= PROBLEM DESCRIPTION =
The reply is to be an exact repetition of the entries that follow, with each picture left out.

= GIVEN DATA =
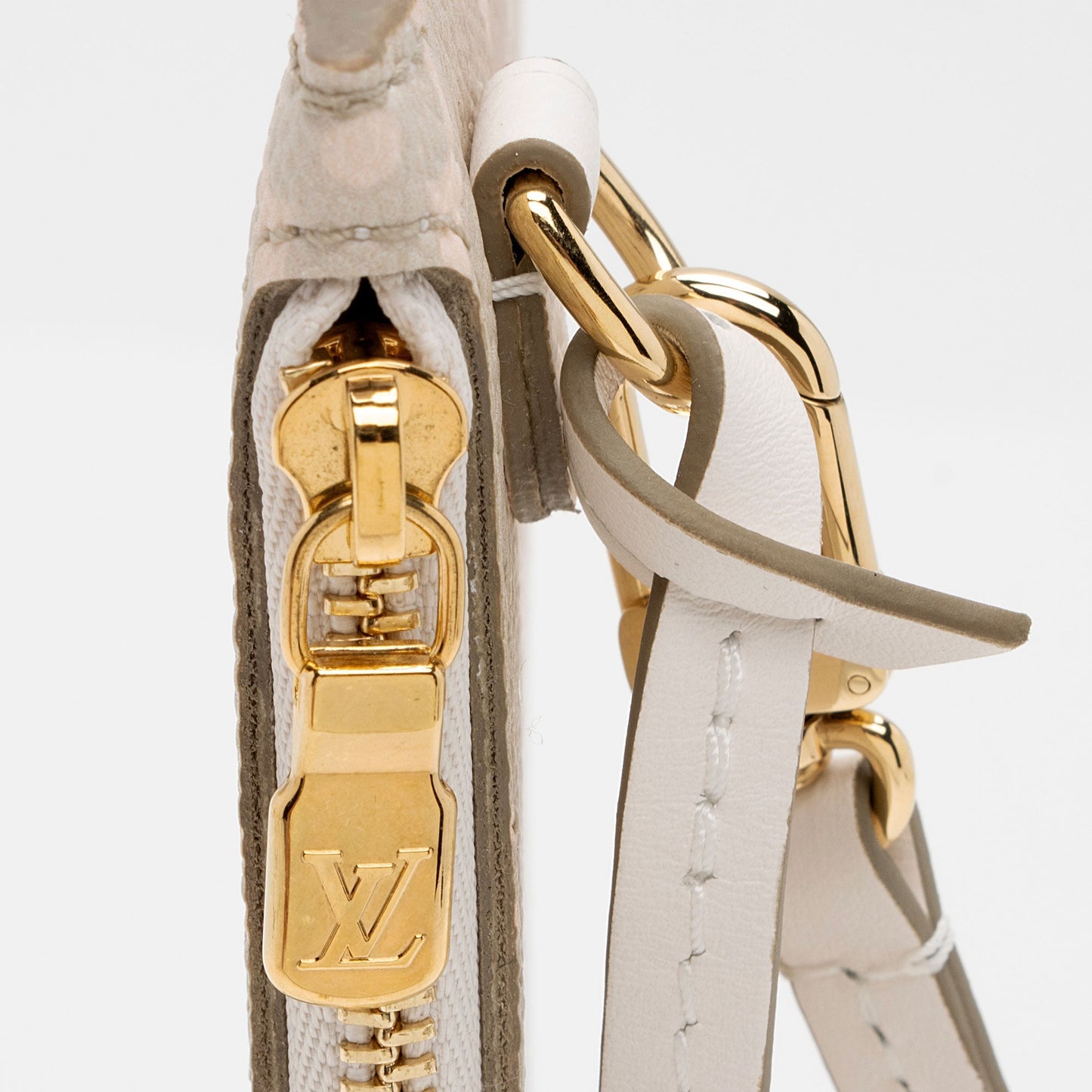 Louis Vuitton Monogram Empreinte Spring In The City Neverfull MM Pochette (SHF-DNXdB4)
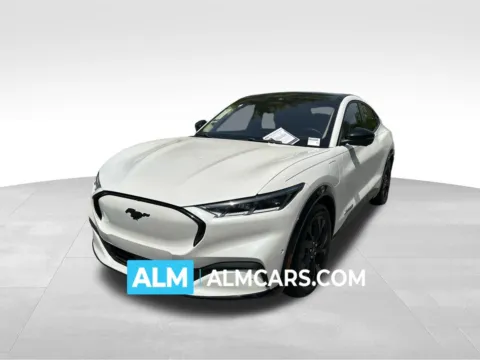 White 2023 Ford Mustang Mach-E Premium for sale in Marietta, GA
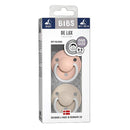 BIBS - 2Pk De Lux Blush Night/Vanilla Night Premium Pacifier, One Size Image 3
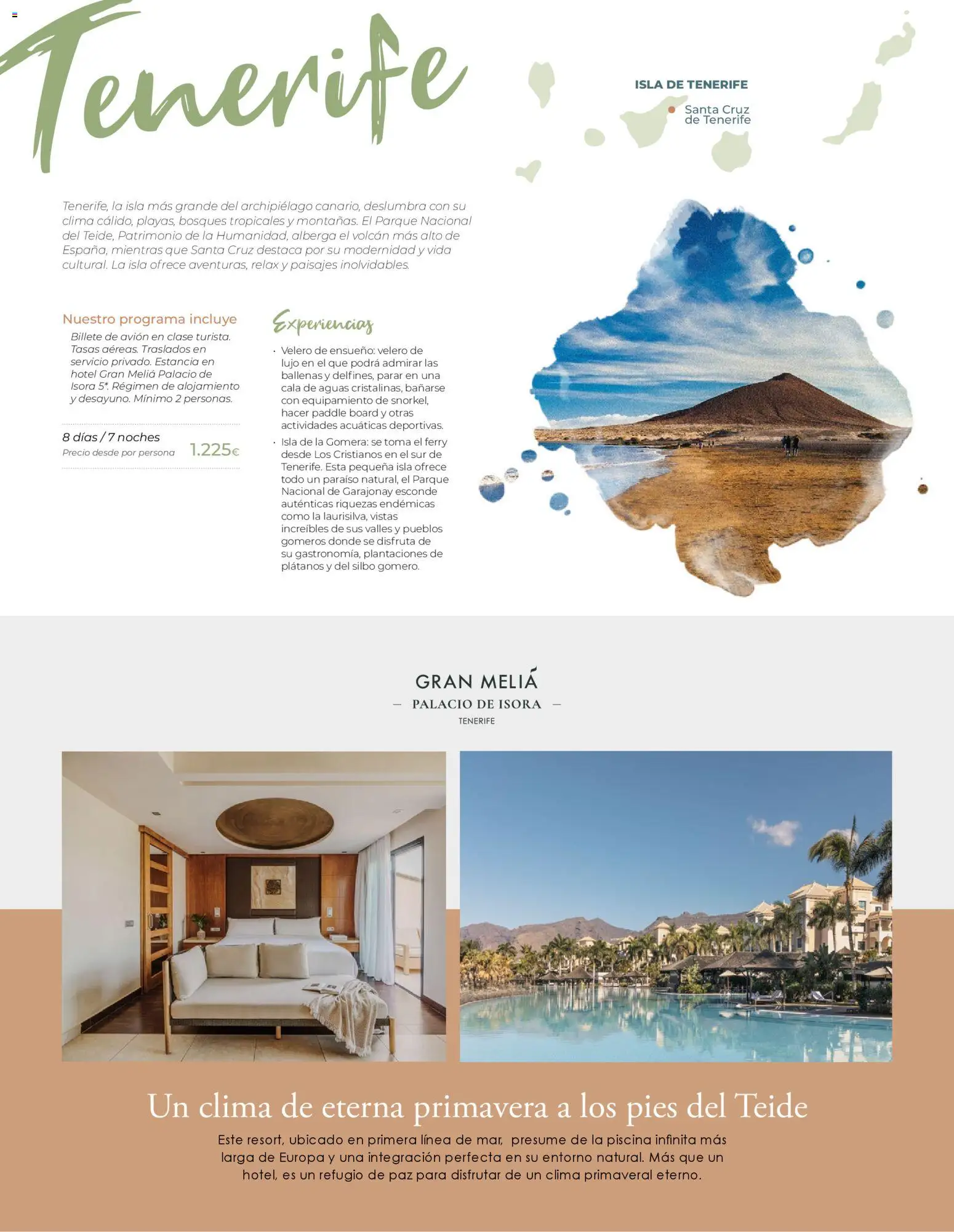 Viajes El Corte Inglés - Catálogo Tourmundial Premium │ válido desde el 01.01.2026 | Página: 10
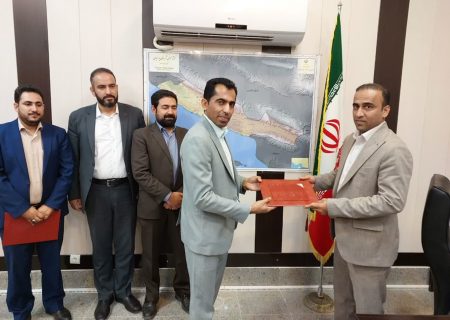 حسین حسینی جوان خوش آتیه بستکی ، مدیر اداره شیلات پارسیان شد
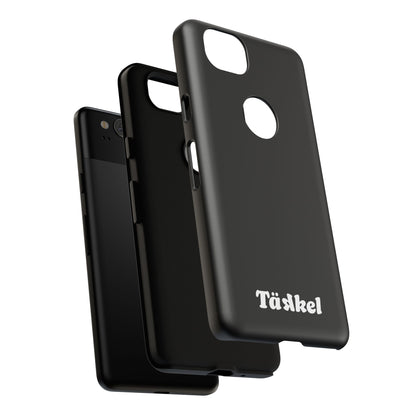 TÄKKEL Hard Case Schwarz Google Pixel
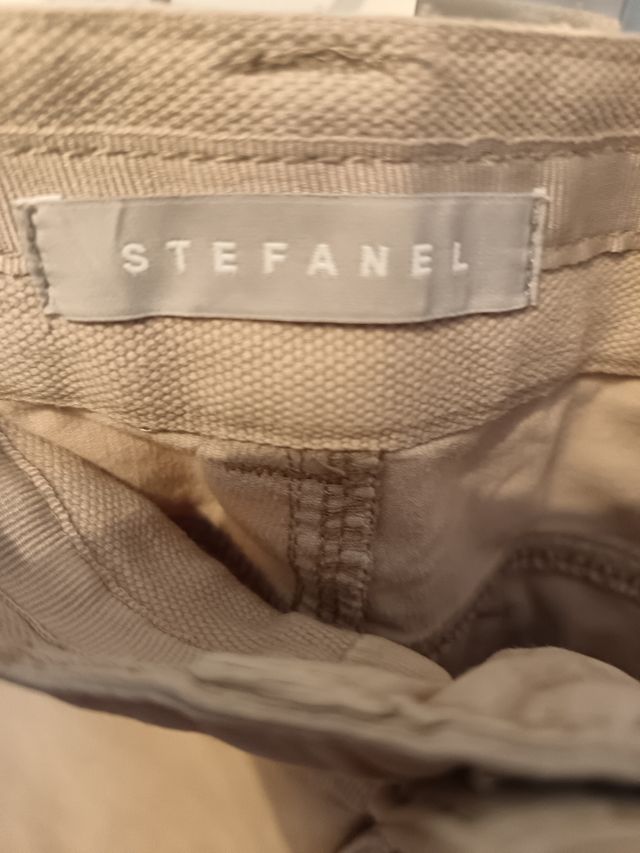 Pantaloni Stefanel velluto a costine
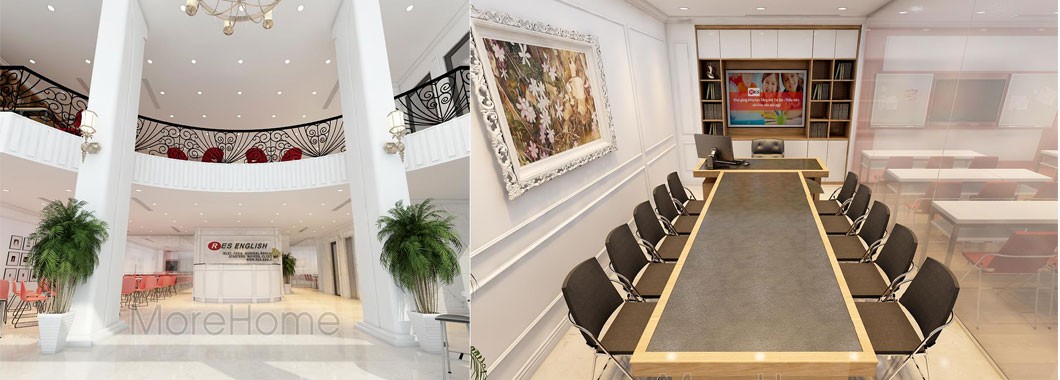 Thiết kế văn phòng đẹp Thiết kế văn phòng đẹp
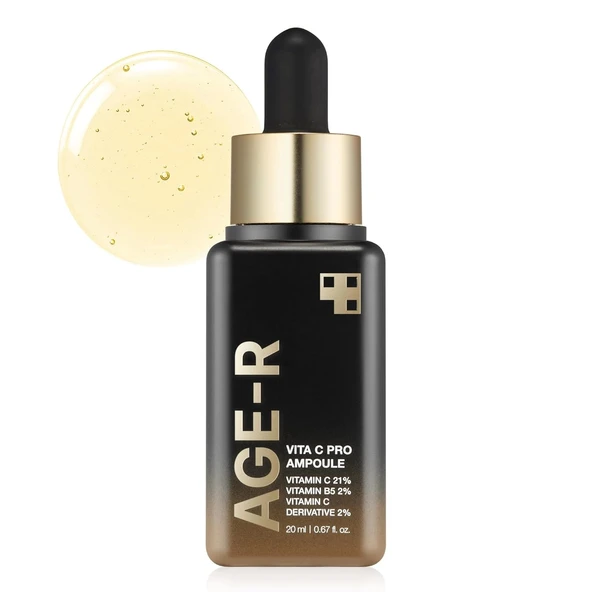 medicube - AGE-R Vita C Pro Ampoule (C Vitaminli Serum)(GLOBALCARE)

= RESULT BELOW =
 Louis Vuitton Monogram Empreinte Spring In The City Neverfull MM Pochette (SHF-DNXdB4)
 White 2023 Ford Mustang Mach-E Premium for sale in Marietta, GA
 BIBS - 2Pk De Lux Blush Night/Vanilla Night Premium Pacifier, One Size Image 3
 Viajes El Corte Inglés - Catálogo Tourmundial Premium │ válido desde el 01.01.2026 | Página: 10
 حسین حسینی جوان خوش آتیه بستکی ، مدیر اداره شیلات پارسیان شد
 TÄKKEL Hard Case Schwarz Google Pixel
 Pantaloni Stefanel velluto a costine
 Thiết kế văn phòng đẹp Thiết kế văn phòng đẹp
 medicube - AGE-R Vita C Pro Ampoule (C Vitaminli Serum)(GLOBALCARE)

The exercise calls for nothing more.